With several recent recalls—including 12 million pounds of ground beef over fears of salmonella as well as romaine lettuce due to an E. coli outbreak–detecting pathogens in food has become increasingly important.

Researchers from China Jiliang University have created a new graphene-based sensor that can simultaneously detect multiple substances like bacteria and other pathogens in food before it ever hits the supermarket shelves.

“Our design is based on graphene sheets, which are two-dimensional crystals of carbon just one atom thick,” research team member Bing-Gang Xiao said in a statement. “The sensor is not only highly sensitive but can also be easily adjusted to detect different substances.”

Graphene is often seen as an attractive option for plasmon sensors that use electromagnetic waves to propagate along the surface of a conducting material in response to light exposure because of its unique optical and electronic properties. The sensors are able to detect a substance by measuring how the refractive index changes when a substance of interest is close to the graphene’s surface.

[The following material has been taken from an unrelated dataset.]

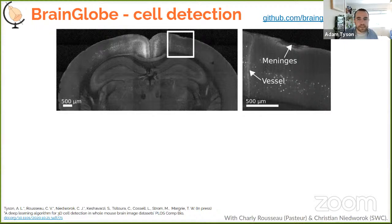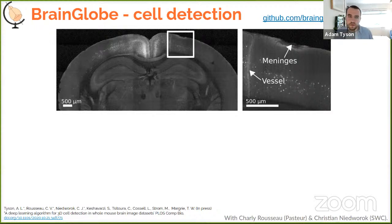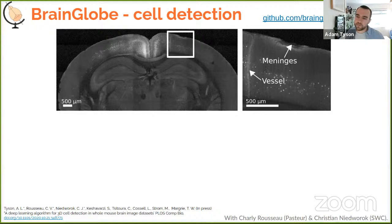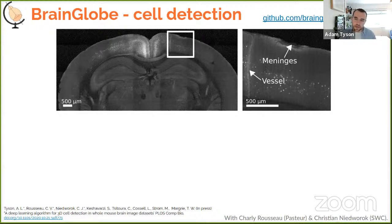Classical image processing techniques like spatial filters and intensity thresholds — the kind used in Fiji, ImageJ, and CellProfiler — work well in some areas, but these brains have lots of artifacts where signal to noise varies greatly. Blood vessels have high autofluorescence, meninges remain on the brain surface, and there can be tissue damage. It's very difficult to find a classical method that picks up every cell without also picking up lots of artifacts.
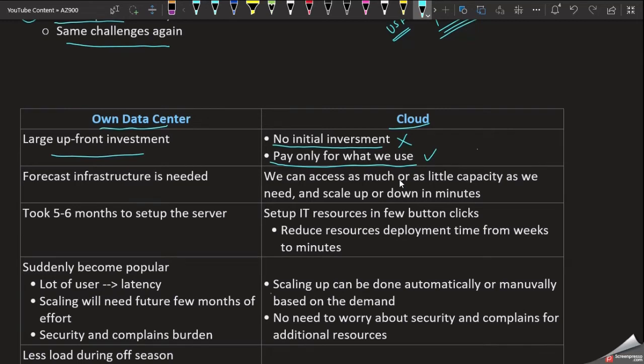This pay-as-you-go model is one of the key benefits of cloud. On-premises, we have to forecast and predict how much hardware we will need. But in the cloud, that kind of upfront forecasting is not required. If we have a website, we can scale resources with just a few button clicks.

Graphene is considered a better option than metals like gold and silver because it exhibits stronger plasmon waves with longer propagation distances.

It is also possible to change the wavelength at which graphene is responsive by applying a polarization voltage rather than recreating the entire device.

However, it was previously difficult to produce graphene sensors that operate with the infrared wavelengths needed to detect bacteria and biomolecules.

In the new sensor, the team used theoretical calculations and simulations to design an array of nanoscale graphene disks that each contain an off-center hole. The sensor also includes ion-gel and silicon layers that can be used to apply a voltage to tune the graphene’s properties for detection of various substances.

The interaction between the disks and their holes increases the sensitivity of the sensor device with what is called the plasmon hybridization effect. The hole and the disk also create different wavelength peaks that can be each used to simultaneously detect the presence of different substances.

Just last year there were more than 100 food recalls in the U.S. because of contamination from harmful bacteria like Listeria, Salmonella and E. coli.

The researchers are hopeful they can further improve the process used to make the array of nanoscale discs.

“We also want to explore whether the graphene plasmon hybridization effect could be used to aid the design of dual-band mid-infrared optical communication devices,” Xiao said.

The study was published in Optical Materials Express.